__WHAT IS EXPECTED__.
The line with "Cruisers Yachts 405 Express Motoryacht" marks the first line to copy, and the line with "5, Birchfield Road, Swansea photo 3" marks the last. Transcribe that stretch of the data below exactly, without pictures.

__DATA SECTION__.
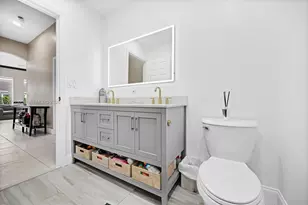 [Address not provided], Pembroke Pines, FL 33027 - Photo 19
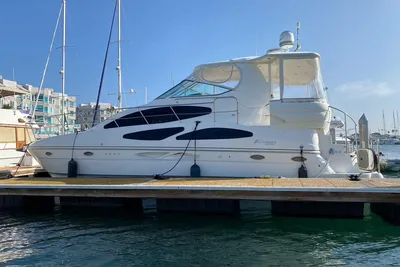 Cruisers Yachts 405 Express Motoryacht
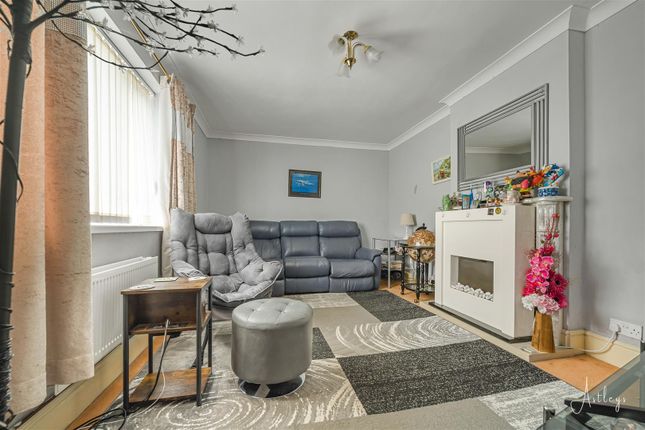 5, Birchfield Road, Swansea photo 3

...

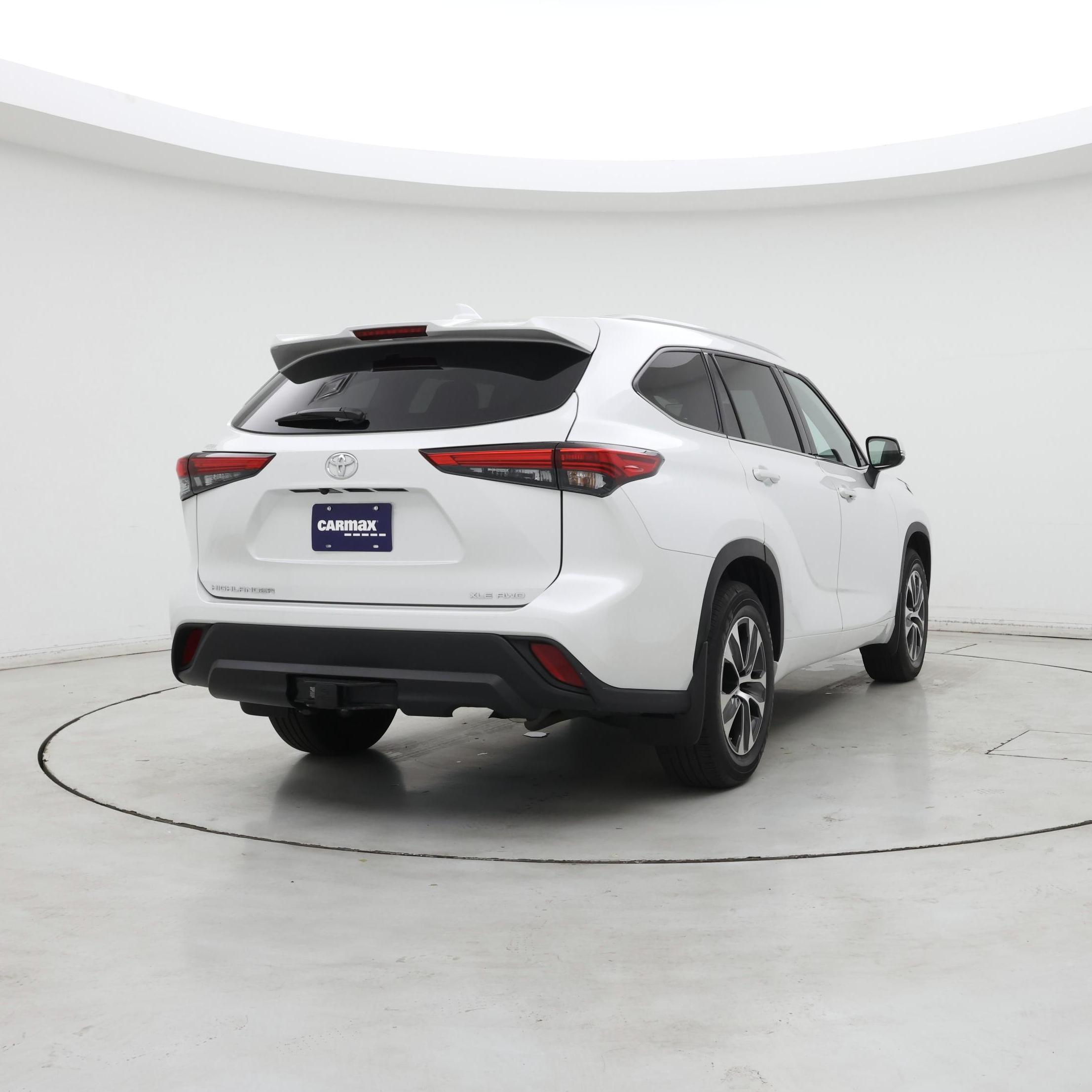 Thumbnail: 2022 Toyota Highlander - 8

__SOLUTION BELOW__.
 Cruisers Yachts 405 Express Motoryacht
 5, Birchfield Road, Swansea photo 3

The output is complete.